Set TV, the streaming service facing a lawsuit from Amazon, Netflix and pretty much the entire entertainment industry, is down.

Customers of the service reached out to GeekWire Friday, saying they couldn’t get through to the site on desktop or mobile. When we tried to visit we received the following message.

It is unclear if the site is down simply due to maintenance issues or if the lawsuit has something to do with it. We’ve reached out to Set TV and will update this post if we hear back.

RELATED: Amazon, Netflix and major studios sue Set TV streaming service alleging ‘mass infringement’ of content

Some online chatter pegs the site’s issues to the legal challenge. The lawsuit, filed in April in U.S. District Court in Central California, alleges Set TV, aka setvnow, is disguising piracy and “inducing mass infringement” of copyrighted material within its interface that looks just like any other online content provider.

Following an initial flurry of documents at the time the suit has filed, there hasn’t been a lot of significant activity in the case.

The all-star list of plaintiffs includes Amazon, Netflix, Disney, 20th Century Fox, Sony Pictures, Columbia Pictures, Universal and Warner Bros. The streaming services and studios allege that Set TV connects customers to unauthorized streams of live and on-demand content and disguises them as legitimate.

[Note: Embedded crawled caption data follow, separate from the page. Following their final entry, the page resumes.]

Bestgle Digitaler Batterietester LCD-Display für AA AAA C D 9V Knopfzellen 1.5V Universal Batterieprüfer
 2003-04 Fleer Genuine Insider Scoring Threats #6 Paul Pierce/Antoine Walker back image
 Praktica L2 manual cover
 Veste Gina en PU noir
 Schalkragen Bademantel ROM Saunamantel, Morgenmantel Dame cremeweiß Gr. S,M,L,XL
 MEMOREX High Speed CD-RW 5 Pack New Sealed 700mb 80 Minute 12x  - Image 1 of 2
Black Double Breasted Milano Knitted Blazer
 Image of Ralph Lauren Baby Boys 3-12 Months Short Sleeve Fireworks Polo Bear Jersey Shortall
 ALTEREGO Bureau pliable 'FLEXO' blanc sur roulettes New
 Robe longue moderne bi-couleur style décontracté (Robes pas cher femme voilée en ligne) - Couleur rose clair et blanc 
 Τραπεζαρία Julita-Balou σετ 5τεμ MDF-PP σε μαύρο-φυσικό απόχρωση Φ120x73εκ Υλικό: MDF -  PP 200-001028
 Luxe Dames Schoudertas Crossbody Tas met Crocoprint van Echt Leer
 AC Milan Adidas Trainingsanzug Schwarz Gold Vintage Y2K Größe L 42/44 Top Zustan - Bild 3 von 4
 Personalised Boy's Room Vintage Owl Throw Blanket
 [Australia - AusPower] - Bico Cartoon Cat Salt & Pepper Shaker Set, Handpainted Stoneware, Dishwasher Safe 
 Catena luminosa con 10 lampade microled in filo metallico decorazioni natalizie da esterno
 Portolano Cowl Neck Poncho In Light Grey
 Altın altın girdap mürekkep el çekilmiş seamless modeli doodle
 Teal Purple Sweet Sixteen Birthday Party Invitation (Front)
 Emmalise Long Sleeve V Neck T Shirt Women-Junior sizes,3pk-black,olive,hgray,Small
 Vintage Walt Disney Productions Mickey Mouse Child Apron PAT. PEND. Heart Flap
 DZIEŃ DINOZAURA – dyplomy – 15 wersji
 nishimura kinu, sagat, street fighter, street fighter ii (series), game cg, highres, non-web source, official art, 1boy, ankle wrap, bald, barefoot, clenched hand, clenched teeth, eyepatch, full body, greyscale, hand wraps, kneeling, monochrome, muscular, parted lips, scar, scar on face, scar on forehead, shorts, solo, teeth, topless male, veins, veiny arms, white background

“For the customers who use Setvnow, the service provides hallmarks of using authorized streaming services — a user-friendly interface and reliable access to popular content — but with a notable exception: the customers only pay money to Defendants, not to Plaintiffs and other content creators upon whose copyrighted works Defendants’ business depends,” according to the lawsuit.

The studios are asking for an injunction to stop the allegedly pirated material from streaming. The group also argues it is entitled to “$150,000 per work infringed by virtue of Defendants’ willful, knowing, and material contribution to infringement.”

Set TV bills itself as a means to cut the cord from cable with more than 500 live channels and access to a big library of on-demand programming for $20 a month. A Canadian equivalent of the service remained active at the time the story was published but has since gone down as well.